As you can see I only listen to keyboard events to remember what keys are down at the moment of the frame. Than each frame I just call handler functions for all keys that I know are down passing time delta to handle FPS changes gracefully.

Using Depth

Z coordinate value can be used to determine a depth position of our geometry. If you have web development background you can think of it like z-index value. To be able to use it exactly like z-index (where the value of e.g. 100 is the closest to the viewer and 0 is farthest) you need to define your orthographic projection as follows:

1	glm.mat4.ortho(screenProjectionMatrix, 0, canvas.width, 0, canvas.height, -100, 1);

For a sprite-based 2D game we also need to define a kind of standard of setting Z values for our sprites. As an example let’s agree on this:

Everything acting as a floor should have Z of 10
Everything lying on the floor should have Z of 11-20
Characters should have Z of 21-30
Walls, gates and other huge structures standing on the floor - 31-40

Using such a standard it is quite easy to keep everything in order.

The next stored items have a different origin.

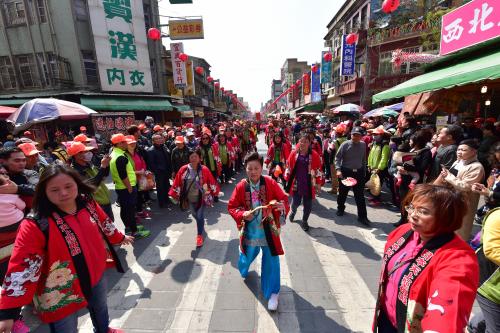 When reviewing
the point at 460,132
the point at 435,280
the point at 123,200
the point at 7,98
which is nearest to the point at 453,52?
the point at 460,132

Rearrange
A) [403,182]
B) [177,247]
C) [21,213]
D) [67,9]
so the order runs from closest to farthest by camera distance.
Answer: [21,213] < [177,247] < [403,182] < [67,9]

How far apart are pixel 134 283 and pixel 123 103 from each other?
15.5 meters

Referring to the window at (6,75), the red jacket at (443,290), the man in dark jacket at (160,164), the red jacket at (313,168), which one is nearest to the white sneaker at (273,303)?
the red jacket at (443,290)

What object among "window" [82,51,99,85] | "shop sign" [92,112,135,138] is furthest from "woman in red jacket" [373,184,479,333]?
"window" [82,51,99,85]

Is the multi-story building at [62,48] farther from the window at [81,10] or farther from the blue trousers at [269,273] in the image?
the blue trousers at [269,273]

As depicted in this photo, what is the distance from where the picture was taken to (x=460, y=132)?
4156 mm

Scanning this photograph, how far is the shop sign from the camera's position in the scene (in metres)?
13.2

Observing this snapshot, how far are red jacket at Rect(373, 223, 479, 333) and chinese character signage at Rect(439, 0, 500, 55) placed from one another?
604 cm

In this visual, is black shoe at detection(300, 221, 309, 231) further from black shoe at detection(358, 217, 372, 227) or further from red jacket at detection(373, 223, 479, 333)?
red jacket at detection(373, 223, 479, 333)

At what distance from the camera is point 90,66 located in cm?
1612

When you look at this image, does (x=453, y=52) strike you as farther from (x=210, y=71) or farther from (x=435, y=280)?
(x=210, y=71)

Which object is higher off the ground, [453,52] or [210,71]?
[210,71]

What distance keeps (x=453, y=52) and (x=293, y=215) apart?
6.16 m

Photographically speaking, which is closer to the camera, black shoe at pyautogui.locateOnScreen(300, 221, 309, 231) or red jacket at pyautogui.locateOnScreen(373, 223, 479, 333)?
red jacket at pyautogui.locateOnScreen(373, 223, 479, 333)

Don’t forget to gl.enable(gl.DEPTH_TEST) or OpenGL will just ignore your Z values entirely.

Check out the full source code for this part of tutorial. In the next part we’ll dive into networking and make our game actually respond to player controls. Stay in tune! UPD: part three is online.

BTW if you want to learn more about OpenGL and graphics programming in general I suggest you to read Learning Modern 3D Graphics Programming - a free ebook by Jason L. McKesson. It uses C and plain old desktop OpenGL but you’ll get used to it. On the other hand if you don’t want to dig into this concepts too much right now you can try to use a higher level library like pixi.js instead.